Realization of some Stanley-Reisner algebras and graph colorings
Yang Hu, Donald Stanley
TL;DR
The paper extends the ST25 framework for realizing graph-related Stanley-Reisner algebras by introducing $\mathsf{B}(n, \mathsf{G})$, $\mathsf{B}_p(\mathbf{r}, \mathsf{G})$, $\mathsf{A}_p(\mathbf{s}, \mathsf{G})$, and $\mathsf{A}(\mathbf{s}, \mathsf{G})$, and by linking their $\mathcal{A}_p$-algebra structures to span-graph colorings.

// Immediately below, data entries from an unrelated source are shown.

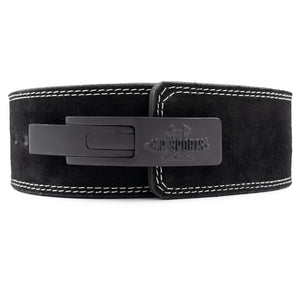 C.P. Sports Powerlifting Lever Belt Black – powerliftingbälte framifrån med låsmekanism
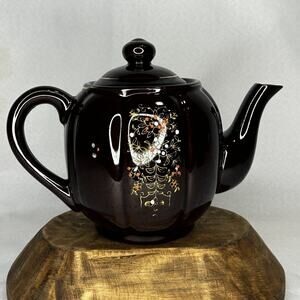 Vintage Moriage Japanese "Brown Betty" Teapot Handpainted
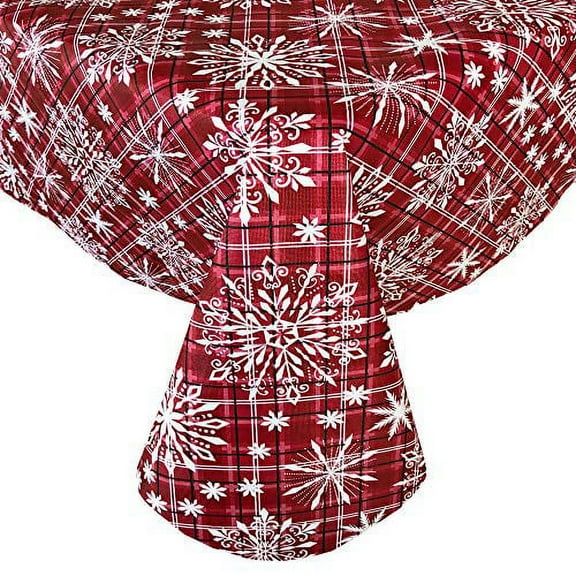 Newbridge Winter Sparkle Snowflake Red and Silver Grey Vinyl Flannel Backed Tablecloth - Red Snowflake Print Wipe Clean Holiday Tablecloth, 60 In x 102 In Oblong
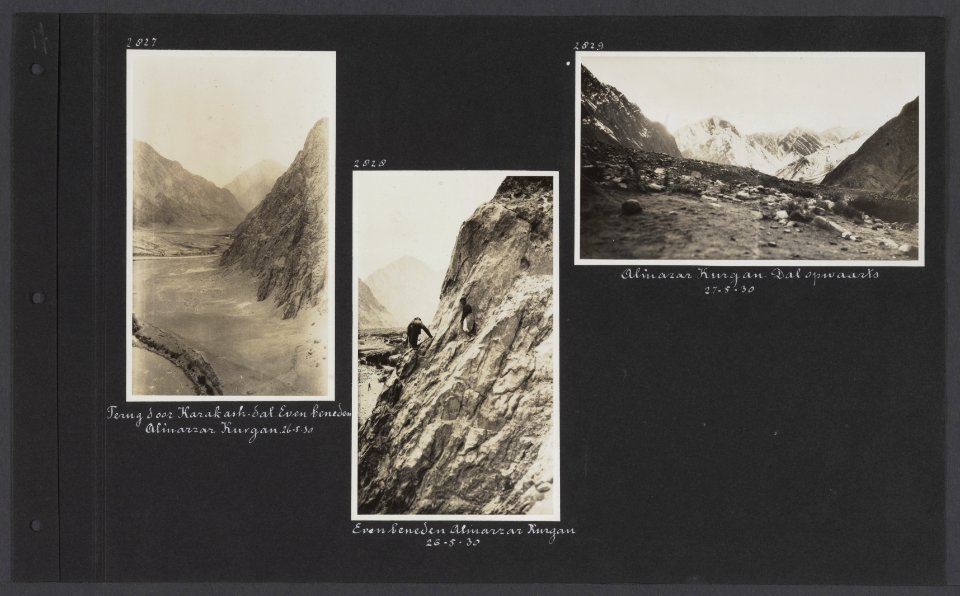 Albumblad met drie fotos. Links het Karakash-dal even beneden Alinazar-Kurgan, Bestanddeelnr 34 35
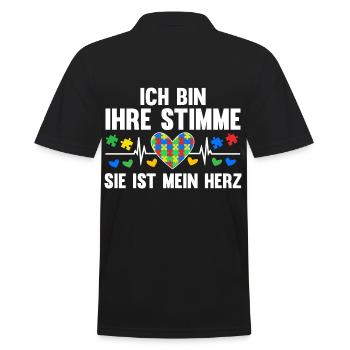 Autismus Autist Autisten - Männer Poloshirt - Schwarz - Hinten - Kai (181cm)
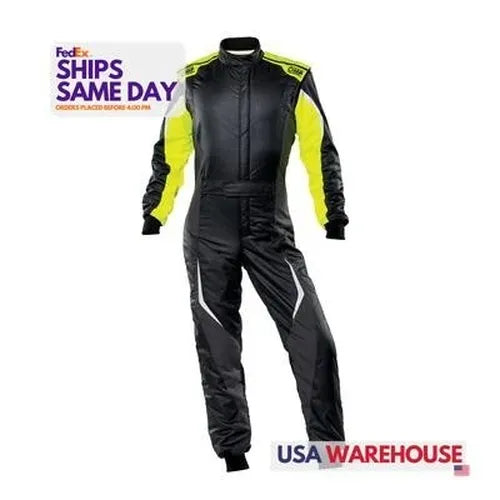 OMP Tecnica Evo Overall My21 Black/Yellow - Size 58 (Fia 8856-2018)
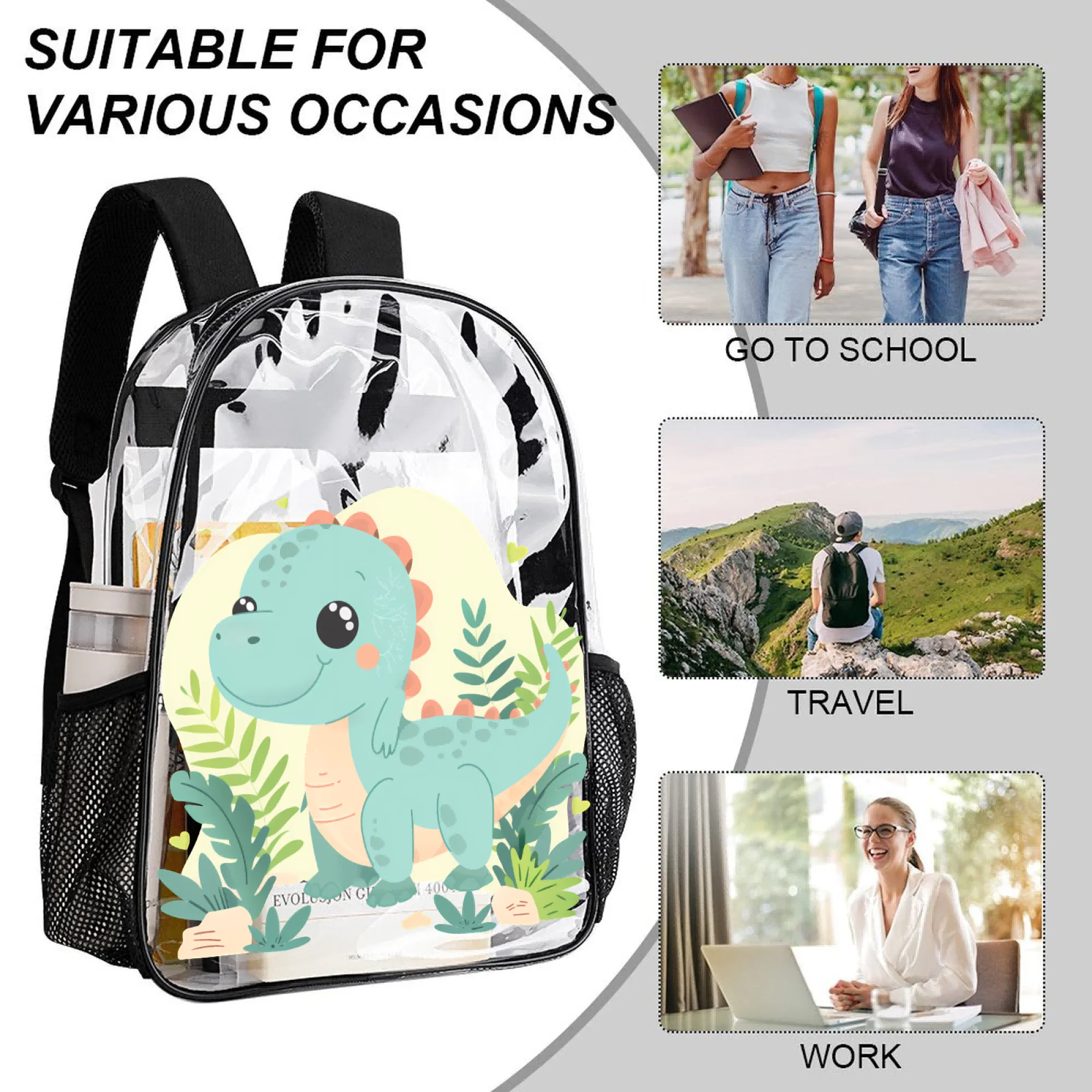 17 Inch PVC See Through Backpack with Blue Dinosaur Plants Print,  Bag Fits 16" Laptop, Side Mesh-Fun Backpack Gift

It proves lower bounds $s_p\chi(\mathsf{G}) \le n$ (or $r_1$, $s_1$) whenever these algebras admit $\mathcal{A}_p$-actions, establishing a tight connection between algebraic realizability and graph colorability, and defines topological chromatic invariants $\chi_{Top, \mathsf{A}}(\mathsf{G})$ and $\chi_{Top, \mathsf{B}}(\mathsf{G})$ that lie between $s_p\chi(\mathsf{G})$ and $\chi(\mathsf{G})$. The work also provides realizability results when the ordinary chromatic number satisfies $\chi(\mathsf{G}) \le n$, yielding upper bounds $\chi_{Top, \mathsf{A}}(\mathsf{G}), \chi_{Top, \mathsf{B}}(\mathsf{G}) \le \chi(\mathsf{G})$. Beyond these, it discusses generalizations to $\mathsf{A}(\mathbf{s}, \mathsf{G})$ and highlights obstructions and open questions in the odd-prime setting via Tak24-type criteria and explicit non-realizable examples.
Abstract
It is a classical problem in algebraic topology to decide whether a given graded $\mathbb{Z}$-algebra can be realized as the cohomology ring of a space. In this paper, we introduce families of Stanley-Reisner algebras depending on graphs, and relate their realizability to the span coloring of the graph.